US manufacturing productivity has been on a downward trajectory for nearly two decades, but Goldman Sachs analysts believe artificial intelligence—not tariffs—represents the most viable solution to reverse this trend.
Goldman Sachs analysts argue that tariffs will not sufficiently lower supply chain and labor costs to boost reshoring. Instead, they suggest increased automation will be the most likely driver of manufacturing productivity growth. The US should look to AI and automation to gain an edge in manufacturing, as advancements in technology could provide a two-fold benefit for domestic manufacturing productivity—both by driving factory investments and improving technology for factory automation.
"A pickup in the pace of innovation—potentially from recent advances in robotics and generative AI—therefore remains the catalyst most likely to reverse the long-run stagnation in manufacturing productivity," stated Goldman Sachs analyst Joseph Briggs and colleagues in their report. This comes as evidence of a US manufacturing slowdown mounts, including US Census Bureau data showing new orders for manufactured durable goods decreasing 6.3% in April, while the Institute of Supply Management Manufacturing Purchasing Managers' Index has fallen since March, indicating contraction.
The productivity challenges are part of a broader manufacturing slowdown occurring over the past two decades, resulting from investment pullback following the global financial crisis and a deceleration in technological advancements that characterized the early 2000s.

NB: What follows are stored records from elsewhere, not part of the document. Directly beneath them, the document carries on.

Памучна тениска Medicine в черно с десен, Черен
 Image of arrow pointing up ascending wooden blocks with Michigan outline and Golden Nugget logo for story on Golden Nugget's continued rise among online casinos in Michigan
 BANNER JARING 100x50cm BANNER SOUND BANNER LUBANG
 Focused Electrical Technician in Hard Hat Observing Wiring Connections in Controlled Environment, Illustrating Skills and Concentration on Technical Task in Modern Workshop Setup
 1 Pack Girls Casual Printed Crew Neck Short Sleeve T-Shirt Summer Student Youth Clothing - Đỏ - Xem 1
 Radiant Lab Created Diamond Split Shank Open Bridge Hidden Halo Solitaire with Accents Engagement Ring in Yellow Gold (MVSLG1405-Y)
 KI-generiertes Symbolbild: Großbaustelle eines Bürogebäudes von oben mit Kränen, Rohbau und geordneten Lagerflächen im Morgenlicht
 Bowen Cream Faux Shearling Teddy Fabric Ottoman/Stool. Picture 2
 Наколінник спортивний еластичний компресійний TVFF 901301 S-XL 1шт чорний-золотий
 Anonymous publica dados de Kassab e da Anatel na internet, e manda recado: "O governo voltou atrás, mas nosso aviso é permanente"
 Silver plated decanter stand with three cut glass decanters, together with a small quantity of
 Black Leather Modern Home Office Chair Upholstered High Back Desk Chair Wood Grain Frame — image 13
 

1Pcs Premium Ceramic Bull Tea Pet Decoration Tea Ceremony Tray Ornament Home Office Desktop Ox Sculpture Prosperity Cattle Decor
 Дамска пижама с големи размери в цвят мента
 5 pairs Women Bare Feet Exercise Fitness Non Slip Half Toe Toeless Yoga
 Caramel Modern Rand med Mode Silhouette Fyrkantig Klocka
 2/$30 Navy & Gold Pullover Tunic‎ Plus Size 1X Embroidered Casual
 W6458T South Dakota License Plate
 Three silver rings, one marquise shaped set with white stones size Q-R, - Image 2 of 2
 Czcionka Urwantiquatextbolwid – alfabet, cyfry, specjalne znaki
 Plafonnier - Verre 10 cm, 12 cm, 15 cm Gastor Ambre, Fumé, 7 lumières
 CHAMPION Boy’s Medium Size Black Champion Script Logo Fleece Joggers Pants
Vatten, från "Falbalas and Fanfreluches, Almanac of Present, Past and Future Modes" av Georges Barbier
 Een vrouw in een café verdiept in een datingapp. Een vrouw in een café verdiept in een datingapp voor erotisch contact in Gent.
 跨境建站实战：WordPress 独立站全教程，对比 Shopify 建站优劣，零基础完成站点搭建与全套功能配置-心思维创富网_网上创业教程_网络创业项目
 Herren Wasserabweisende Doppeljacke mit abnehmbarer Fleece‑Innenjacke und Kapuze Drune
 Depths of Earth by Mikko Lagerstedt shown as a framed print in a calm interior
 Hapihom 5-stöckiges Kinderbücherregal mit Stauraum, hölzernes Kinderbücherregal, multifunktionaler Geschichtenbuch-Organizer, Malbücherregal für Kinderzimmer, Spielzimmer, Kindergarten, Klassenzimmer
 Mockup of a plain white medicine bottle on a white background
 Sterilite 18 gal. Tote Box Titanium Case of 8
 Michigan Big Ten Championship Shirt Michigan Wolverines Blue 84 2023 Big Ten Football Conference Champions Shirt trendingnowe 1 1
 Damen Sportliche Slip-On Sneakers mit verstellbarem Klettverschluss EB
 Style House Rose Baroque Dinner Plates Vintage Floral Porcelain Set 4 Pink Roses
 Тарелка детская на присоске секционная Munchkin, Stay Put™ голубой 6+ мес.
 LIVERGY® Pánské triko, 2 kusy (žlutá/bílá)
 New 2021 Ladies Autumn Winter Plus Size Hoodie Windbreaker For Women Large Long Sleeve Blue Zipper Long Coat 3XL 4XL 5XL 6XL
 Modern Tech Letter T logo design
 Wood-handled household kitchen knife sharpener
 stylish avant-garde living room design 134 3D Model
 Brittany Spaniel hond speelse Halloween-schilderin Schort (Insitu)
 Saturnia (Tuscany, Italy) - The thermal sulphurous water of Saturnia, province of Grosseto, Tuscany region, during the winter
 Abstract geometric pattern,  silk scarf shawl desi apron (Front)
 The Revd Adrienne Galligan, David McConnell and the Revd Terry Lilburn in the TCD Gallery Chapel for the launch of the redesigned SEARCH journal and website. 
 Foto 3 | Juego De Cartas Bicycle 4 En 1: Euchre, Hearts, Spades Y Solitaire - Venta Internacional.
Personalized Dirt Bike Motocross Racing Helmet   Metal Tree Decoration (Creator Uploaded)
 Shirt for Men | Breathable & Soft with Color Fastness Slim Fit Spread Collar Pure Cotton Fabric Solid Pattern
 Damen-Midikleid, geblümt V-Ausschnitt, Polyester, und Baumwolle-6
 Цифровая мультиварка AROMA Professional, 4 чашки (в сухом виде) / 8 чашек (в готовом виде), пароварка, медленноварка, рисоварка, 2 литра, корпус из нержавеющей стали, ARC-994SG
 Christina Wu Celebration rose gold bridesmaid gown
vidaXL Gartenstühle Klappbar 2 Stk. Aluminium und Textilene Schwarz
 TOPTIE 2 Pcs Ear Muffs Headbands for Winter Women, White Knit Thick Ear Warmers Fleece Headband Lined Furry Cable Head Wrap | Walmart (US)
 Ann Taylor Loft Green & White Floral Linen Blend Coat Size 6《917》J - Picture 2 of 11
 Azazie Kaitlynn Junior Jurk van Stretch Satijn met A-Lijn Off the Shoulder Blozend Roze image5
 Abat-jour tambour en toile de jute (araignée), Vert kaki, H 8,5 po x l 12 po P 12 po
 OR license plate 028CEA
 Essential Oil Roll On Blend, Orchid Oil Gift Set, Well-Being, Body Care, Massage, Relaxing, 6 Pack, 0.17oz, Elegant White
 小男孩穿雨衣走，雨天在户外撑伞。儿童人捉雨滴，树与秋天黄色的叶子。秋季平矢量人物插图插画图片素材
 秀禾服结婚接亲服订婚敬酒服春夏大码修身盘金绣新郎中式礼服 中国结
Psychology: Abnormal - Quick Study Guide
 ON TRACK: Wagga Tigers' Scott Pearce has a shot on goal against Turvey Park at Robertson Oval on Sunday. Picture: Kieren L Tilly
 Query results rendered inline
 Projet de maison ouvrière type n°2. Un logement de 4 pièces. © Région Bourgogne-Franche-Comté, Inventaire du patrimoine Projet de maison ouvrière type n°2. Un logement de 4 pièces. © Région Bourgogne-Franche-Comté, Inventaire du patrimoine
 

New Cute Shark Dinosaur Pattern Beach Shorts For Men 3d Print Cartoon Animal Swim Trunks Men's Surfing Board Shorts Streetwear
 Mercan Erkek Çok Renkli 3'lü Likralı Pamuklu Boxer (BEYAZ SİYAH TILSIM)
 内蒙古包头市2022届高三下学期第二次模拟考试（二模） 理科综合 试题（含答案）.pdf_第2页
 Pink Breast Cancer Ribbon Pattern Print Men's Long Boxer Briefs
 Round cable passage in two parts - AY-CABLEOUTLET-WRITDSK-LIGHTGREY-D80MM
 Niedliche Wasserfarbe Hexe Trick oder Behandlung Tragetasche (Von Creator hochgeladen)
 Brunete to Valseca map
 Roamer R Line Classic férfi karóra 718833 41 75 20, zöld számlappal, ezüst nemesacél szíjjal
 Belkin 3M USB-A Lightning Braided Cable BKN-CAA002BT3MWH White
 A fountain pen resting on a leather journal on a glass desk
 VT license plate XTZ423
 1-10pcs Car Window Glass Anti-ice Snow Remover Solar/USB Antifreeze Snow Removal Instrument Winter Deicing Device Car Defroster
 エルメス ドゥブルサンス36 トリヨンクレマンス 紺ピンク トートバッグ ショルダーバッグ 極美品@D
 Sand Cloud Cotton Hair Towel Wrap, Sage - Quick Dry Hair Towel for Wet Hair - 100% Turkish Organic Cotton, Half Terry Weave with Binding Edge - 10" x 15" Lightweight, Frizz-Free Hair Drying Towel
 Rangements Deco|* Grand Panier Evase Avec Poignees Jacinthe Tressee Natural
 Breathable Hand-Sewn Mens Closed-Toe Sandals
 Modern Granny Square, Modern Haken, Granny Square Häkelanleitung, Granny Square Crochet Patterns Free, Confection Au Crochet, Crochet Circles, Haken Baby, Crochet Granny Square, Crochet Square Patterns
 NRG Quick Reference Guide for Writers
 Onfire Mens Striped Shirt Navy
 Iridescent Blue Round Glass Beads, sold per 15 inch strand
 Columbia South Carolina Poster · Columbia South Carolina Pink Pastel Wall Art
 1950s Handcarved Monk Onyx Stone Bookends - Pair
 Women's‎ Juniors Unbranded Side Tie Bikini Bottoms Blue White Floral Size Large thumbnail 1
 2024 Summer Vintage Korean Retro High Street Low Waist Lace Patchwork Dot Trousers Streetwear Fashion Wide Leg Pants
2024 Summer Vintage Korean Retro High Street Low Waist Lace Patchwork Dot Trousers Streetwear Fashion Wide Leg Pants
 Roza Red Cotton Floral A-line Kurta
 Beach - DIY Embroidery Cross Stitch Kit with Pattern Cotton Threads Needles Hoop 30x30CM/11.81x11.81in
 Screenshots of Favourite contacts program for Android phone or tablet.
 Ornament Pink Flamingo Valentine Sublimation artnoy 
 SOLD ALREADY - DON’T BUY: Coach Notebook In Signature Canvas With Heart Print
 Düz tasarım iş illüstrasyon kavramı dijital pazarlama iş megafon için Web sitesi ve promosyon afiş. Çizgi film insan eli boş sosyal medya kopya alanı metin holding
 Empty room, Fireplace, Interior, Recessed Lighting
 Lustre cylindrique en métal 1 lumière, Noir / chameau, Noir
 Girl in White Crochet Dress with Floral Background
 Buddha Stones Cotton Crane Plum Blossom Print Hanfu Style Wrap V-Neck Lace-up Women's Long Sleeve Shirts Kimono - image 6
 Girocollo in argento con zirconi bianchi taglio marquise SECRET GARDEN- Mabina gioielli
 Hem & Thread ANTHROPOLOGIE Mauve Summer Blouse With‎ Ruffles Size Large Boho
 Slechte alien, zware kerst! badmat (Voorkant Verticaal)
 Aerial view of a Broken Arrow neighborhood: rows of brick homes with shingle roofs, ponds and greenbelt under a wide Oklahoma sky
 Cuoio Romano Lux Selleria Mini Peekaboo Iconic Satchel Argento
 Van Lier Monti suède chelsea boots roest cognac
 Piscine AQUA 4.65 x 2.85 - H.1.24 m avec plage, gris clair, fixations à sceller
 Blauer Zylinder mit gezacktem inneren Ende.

The US has fallen behind other manufacturing powerhouses in implementing AI into factory operations. According to a recent Boston Consulting Group Henderson Institute report, only 46% of US manufacturers reported multiple use cases of AI in their plants, significantly below the global average of 62% and far behind China's 77%. "This is one of the key technologies that I think could drive productivity growth in a cost-competitive manner," Briggs told Fortune.
Despite the potential, analysts remain cautious about predicting a complete reversal of the manufacturing slowdown. "We just need to see it happen before we have a lot of confidence in that dynamic being a big driver," Briggs noted. Goldman Sachs analysts conceded that while automation provides the largest opportunity for growth in US manufacturing productivity, it is unlikely to solve the broader manufacturing slowdown, which is global and "historically unusual." Any hope for a global uptick in productivity would require mass advancement and adoption of AI and robotics on a large scale. "The main thing that would drive a large pickup in manufacturing productivity and manufacturing growth would be a sharp increase in the pace of innovation," Briggs explained, adding that "this type of inflection upwards and technological progress are very hard to predict."
By 2025, the AI in manufacturing market is projected to reach $8.57 billion, up from $5.94 billion in 2024, reflecting a compound annual growth rate of 44.2%. AI is expected to boost productivity by 40% by 2035, transforming business operations through automation of critical tasks, defect detection, and quality control enhancements, ultimately creating smarter and more efficient manufacturing processes.